Tuesday, February 16, 2016

Hatch lays an egg

This morning on NPR, Senator Orrin Hatch shamed himself on National Public Radio. A senator for 39 years, he unveiled the most loopy Republican explanation yet for denying the President’s Supreme Court nomination a hearing or a vote.

Hatch says it is ironclad precedent that “a term-limited president” does not get to fill a vacancy on the court in his last year “once voting has started” for his successor. The people need to pick a new president, he said. Why they only get to do this one year out of four (or twice in eight), Hatch did not explain. He was warming to his real reason, which was that Senate Democrats “engaged in the politics of personal destruction” 29 years ago, denying Robert Bork confirmation, and 25 years ago, not denying Clarence Thomas nomination. So now they ought to expect the same, he said.

Asked if he would accept nomination to the Court since his name is floating around DC as inexplicably as when he ran for President in 2000, Hatch chuckled and said he didn’t expect President Obama would nominate a “mainstream” candidate like himself or Judge Frank Easterbrook, whom he said Justice Scalia wanted to be his successor.

Here’s where the discussion descends into silent dog whistle land.
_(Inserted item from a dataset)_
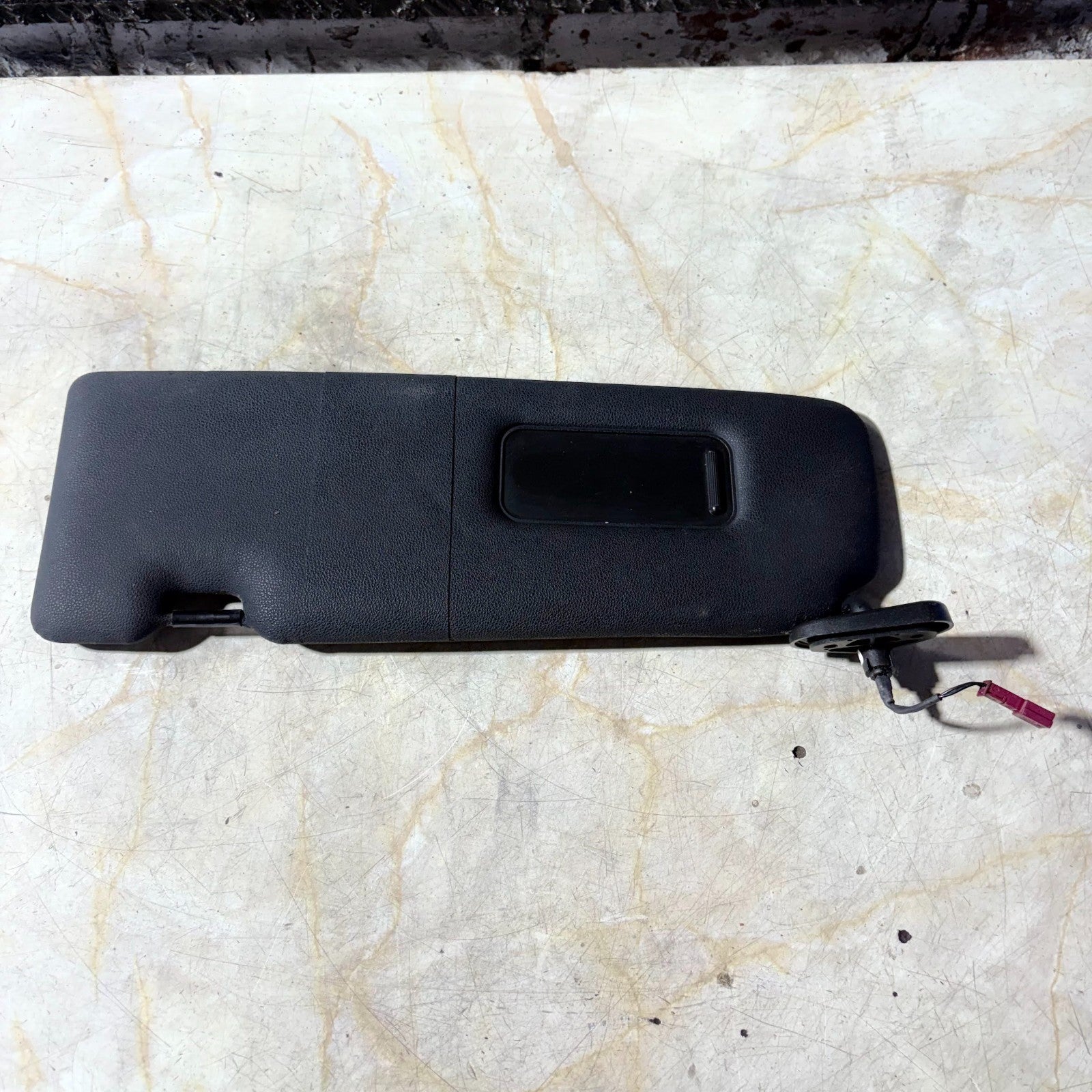 BMW 1 Series 116 E87 E81 2004-2011 Passenger Left N/S Black Sun Visor 8036361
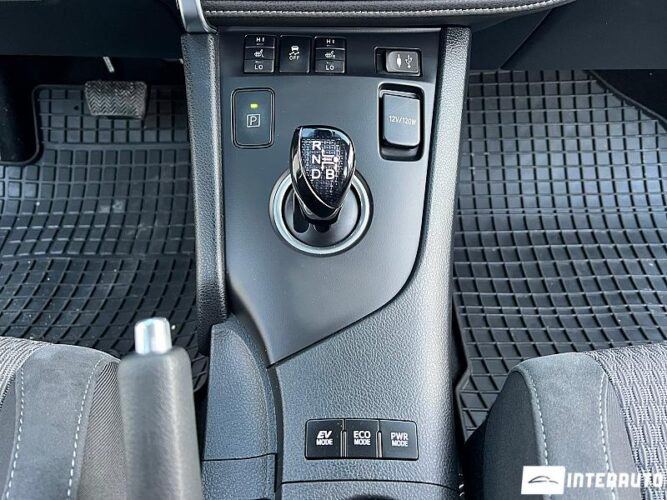 toyota Auris 2017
Easterbrook is a University of Chicago, Richard Posner-style conservative who shares Justice Scalia’s frilly writing style and ill-concealed scorn for people he believes less intelligent than he- which includes most of the planet’s inhabitants. Easterbrook was Robert Bork’s deputy solicitor general in the Saturday Night Massacre days of Watergate, and was nominated to the Court of Appeals by Ronald Reagan at the age of 38.

Easterbrook’s nomination came in August 1984, two and a half months before voting started for his successor, which as we all know, was himself. The Republican-controlled Senate, busy running to hold its majority, put off the nomination until early 1985. They were hampered, too, by the American Bar Association, which had a committee that reviewed nominees for the federal bench; it found Easterbrook’s age and complete lack of judicial experience disqualified him. The snub provided President George W. Bush the pretext for refusing to submit names to the ABA when he became president in 2001.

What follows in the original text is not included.